22 Feb

Getting Past Impasse with Mediator Settlement Recommendations

By Mitchell Rose, LL.B., C. Med

While it’s preferable for parties to a dispute to settle their own case at mediation without a mediator’s settlement recommendation, a recommendation is useful, as a last resort, to break an impasse. The author presents his “No One Gets Hurt” approach to settlement recommendations in the mediation of civil disputes.

I conduct mediations of civil (non-family) legal disputes in Ontario, including employment law, commercial matters, personal injury and real estate. The majority of these mediations take place after the commencement of legal proceedings and involve parties who are represented by lawyers.

In many cases, examinations for discovery have taken place – but a judicial pre-trial usually has not. Often, there is a summary judgment motion scheduled to take place in the months following mediation. It is unusual for more than one mediation session to be held in these actions, and many of them are scheduled by counsel for less than a full-day.

Accordingly, the stakes are high for all participants. Reaching the end of a mediation session and learning that the two sides are far apart in their settlement positions can be disappointing due to the risk and costs that will soon follow as the case heads speedily towards a hearing. Statistically, the hearing will likely never happen. Yet often without further intervention (like a pre-trial judge) or a threat of court feeling more “real” (because it is close), the parties may not be prepared to bridge the gap.

Thus, in the following weeks, after the “dust settles”, I usually follow up with the other lawyers. I want to see if hard positions have softened, or if there is another way of resolving the dispute. However, despite everyone’s best efforts, there may still be an impasse.

In a final attempt to resolve the dispute – whether at the end of mediation or at some later point – one or more of the lawyers often ask me to recommend (or, to propose) settlement terms to all sides in the hope of reaching a deal. In fact, I may even be asked much earlier in the process: “What do you think we should do?” A mediator’s response will depend upon the type of mediation model utilized.

Mediators using a pure “interests-based” model may resist making settlement recommendations at any time. To them, it’s the parties’ dispute and the mediator is only a facilitator. Contrast this with an “evaluative” approach:

An evaluative mediator often makes a recommendation early in the process based upon what they think a judge or arbitrator would do given the facts and the law. The evaluative mediator may then attempt to persuade the participants to accept the recommendation.

I blend interests-based and evaluative approaches.

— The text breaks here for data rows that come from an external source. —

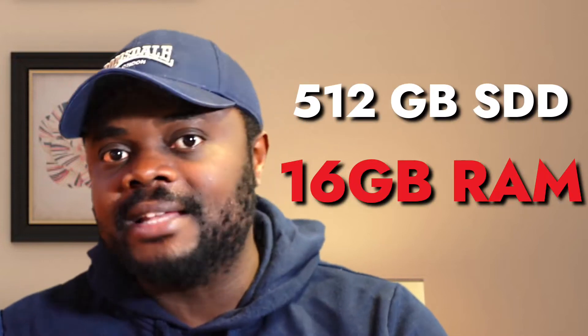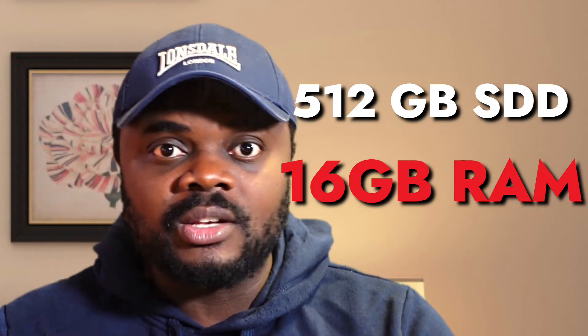A Fujitsu S Primo P420 tower PC has been sold on eBay for 377 euros including shipping. The customer wants it shipped with a 512 gigabyte SSD as well as 16 gigabyte DDR3 RAM, and we're going to be setting all that up in this video.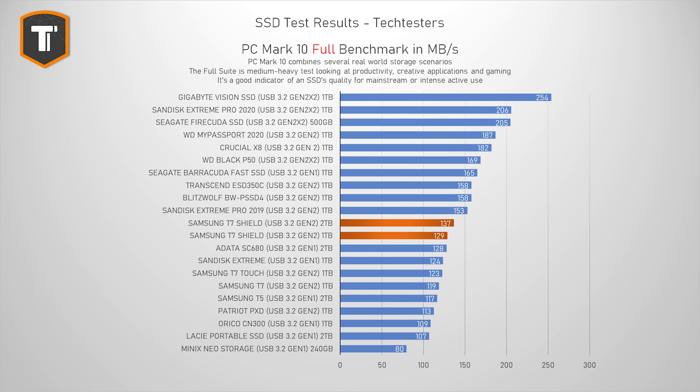In the PC Mark 10 full suite — a longer, more intense test combining many real-world scenarios to replicate heavier drive use — the T7 Shield is a tiny bit ahead but not by much. It's not a big enough difference to notice in real-world use. As you can see in the graph, there are several other options out there that offer significantly faster performance if that's what you're after.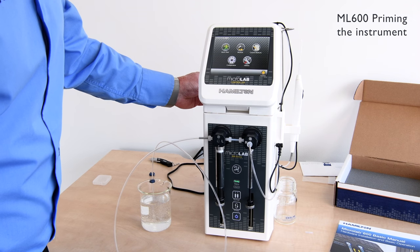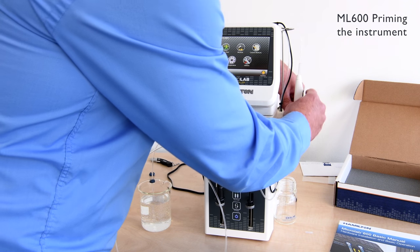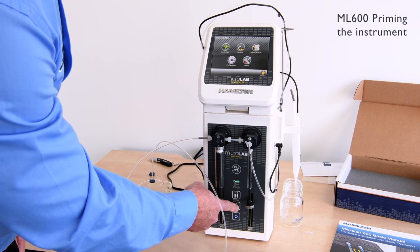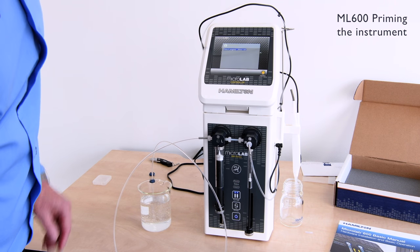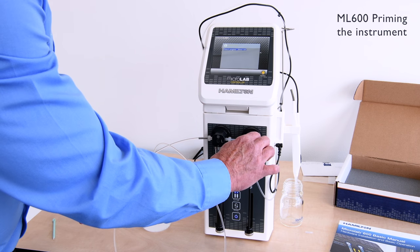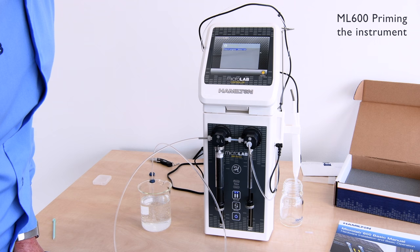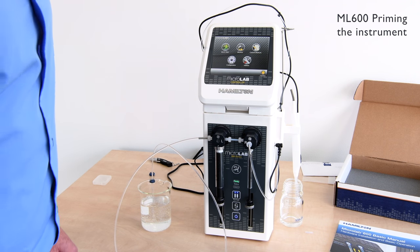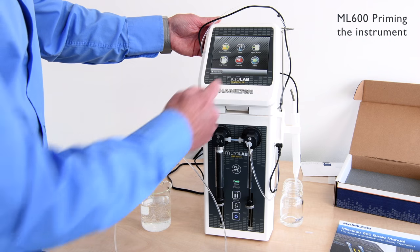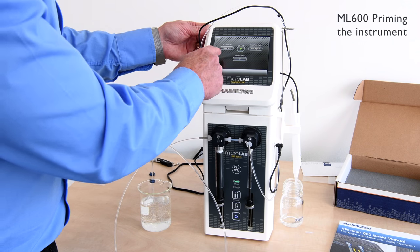So we're going to conduct the priming sequence. Firstly, you need to get the probe positioned to waste. Using the prime button, drawing fluid into the syringes. At this stage we can check that all points are gas tight. The prime sequence can also be carried out using the function in utilities, which shows the prime sequence and allows us to select the number of cycles we want to prime for, and the speeds we're driving at.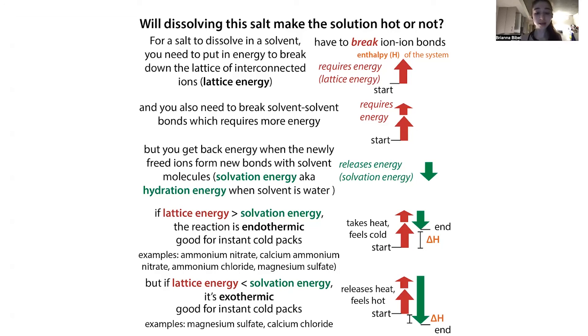It really depends on the different salts that you're dissolving. So that was the basics of how instant cold packs — and instant hot packs — work. Now I can hopefully use these when it gets hot later.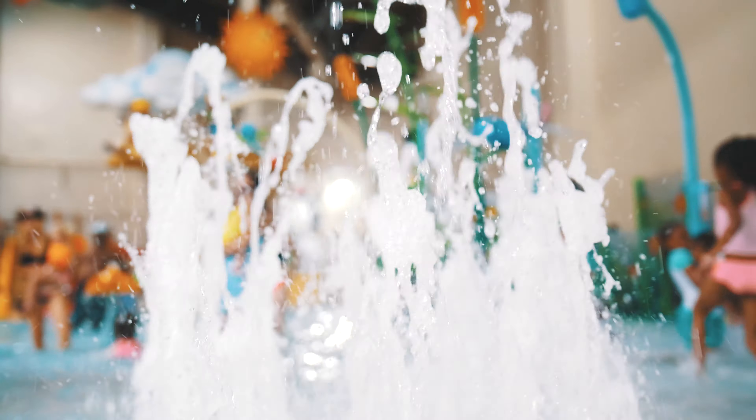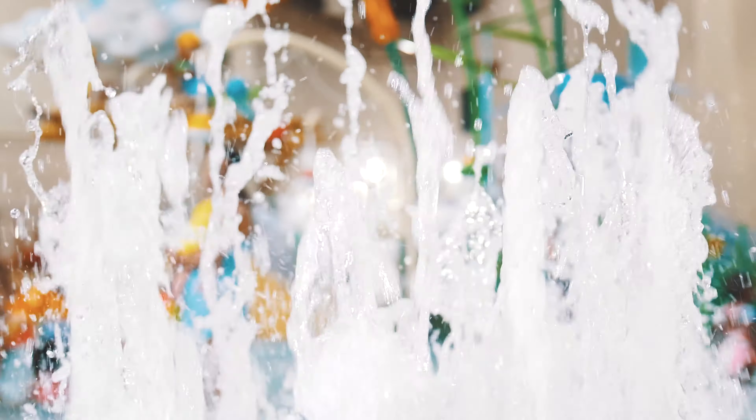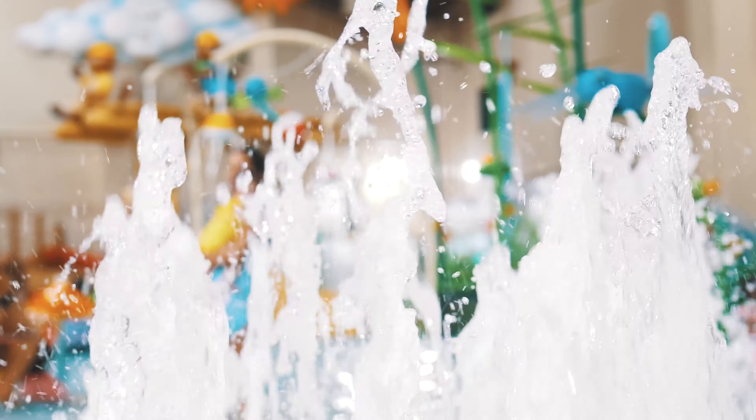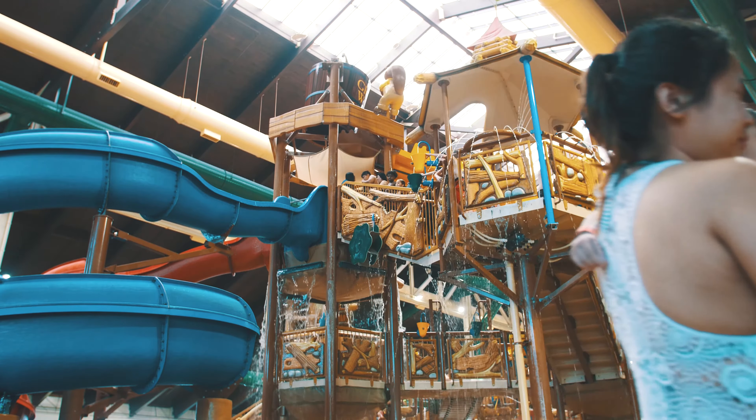Coming from the Sony a7s to the GH5, I think the biggest thing that I'm going to have to get used to will be the noise, and that's something I can get used to over time, so it's not that big of a problem. Another thing about the camera that I did not like will be the connection with the Metabones speed booster.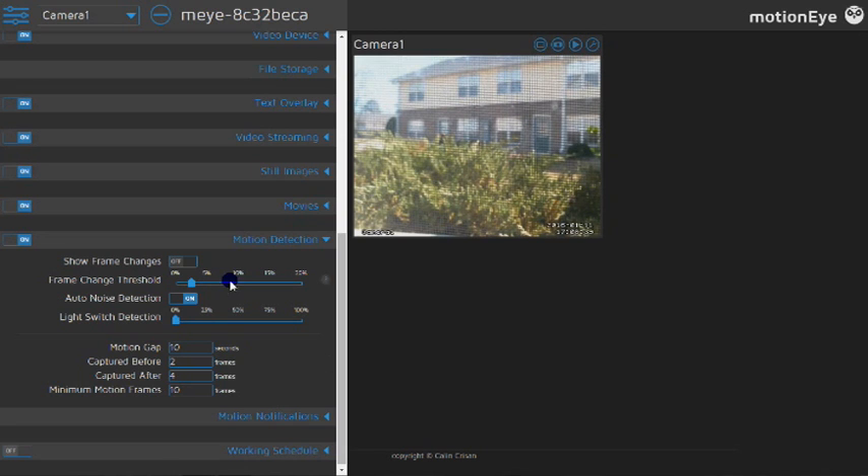Motion detection is where we get into the important settings — when things change in the frame, it'll trigger. If you have a long run of USB cameras, say 30 meters, at about 5 meters you'll need to put another hub in, and all these things will create a little noise. So you want to turn the noise detection sensitivity down. Light switch detection is what I'm mostly going to be using — when you open up the storage unit, the light comes in or someone turns the lights on, and it'll set the system off to record. I'm not relying on motion detection because there's a wind barrier at the top inside to prevent moisture buildup here in North Carolina, and I don't want that rustling to trigger the system.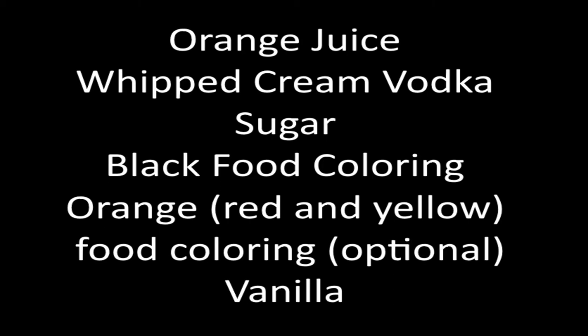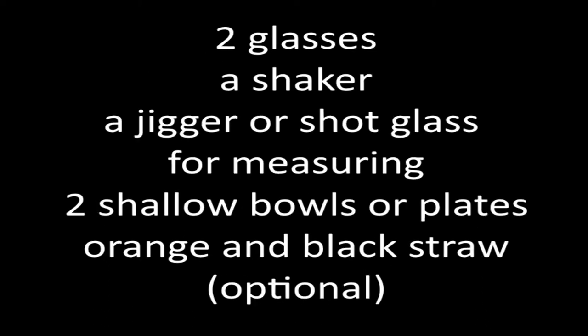You'll need the following: orange juice, whipped cream vodka, sugar, black food coloring, orange or red and yellow food coloring (this is optional), and vanilla. You'll also need two glasses, a shaker, a jigger or shot glass for measuring, two shallow bowls or plates, and orange and black straws which are optional.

The precise blend depends on the circumstances and the other participants. I will often, but not always, make settlement recommendations to break an impasse – but, when I do, it reflects my hybrid mediation model.

I like to refer to my personal approach to settlement recommendations as “No One Gets Hurt”. Here’s how it works:

  1. It’s preferable if the parties settle their own case without a mediator recommendation. However, a mediator recommendation is useful as a last resort to break an impasse. I prefer that it take place after the mediation when it is clear that a settlement cannot be reached without this type of mediator intervention.
  2. It’s ideal if one or both sides request a recommendation, as opposed to the mediator offering one. That said, if no one asks, and I think it will be helpful, I will usually offer to make a recommendation.
  3. Regardless, both sides must agree to hear (or read) my recommendation before it is given so that I can be certain it is conveyed to the decision maker. This is necessary only where the recommendation takes place after mediation when I am normally just speaking with counsel.
  4. The recommendation is privileged, so it cannot be revealed to anyone, especially the Court. If the recommendation takes place after the mediation session, the parties have already agreed that my recommendation is an extension of the mediation, and governed by the mediation agreement.
  5. I will not provide explanations or reasons for my recommendation. I don’t want to argue with counsel, and I am not writing an arbitral award.
  6. There is no settlement unless both sides agree to the actual recommendation.
  7. The parties are asked to respond to my recommendation privately (separately) and confidentially. Each side will know if the other side(s) accepted the recommendation only if all sides accept it. If just one side says “yes” to the mediator privately, the “no” side(s) will not learn about it. Everyone would simply be advised that there’s “no deal”.
  8. Thus, “no one gets hurt”. The idea throughout is to preserve party autonomy and bargaining power, while maximizing efficiency and the chances of settlement. At the same time, one avoids the excess risk, cost and time of continuing with the proceeding in the hopes (or fears) of a third party opinion that is actually binding.
  9. In my experience, most of the recommendations I make are accepted, resulting in a full settlement.
  10. Normally though, the recommendation (whether accepted or not) marks the end of my role as mediator in a case. I won’t try to convince uninterested participants to accept my proposal. However, I sometimes ask, confidentially, what part(s) of my proposal a party would accept and if I can convey that information to the other side. This can still lead to an eventual settlement. The rejected recommendation may also prove useful in future negotiations.

Mitchell Rose is a Chartered Mediator, lawyer and settlement counsel with Stancer, Gossin, Rose LLP in Toronto. He is on the board of directors of the ADR Institute of Ontario.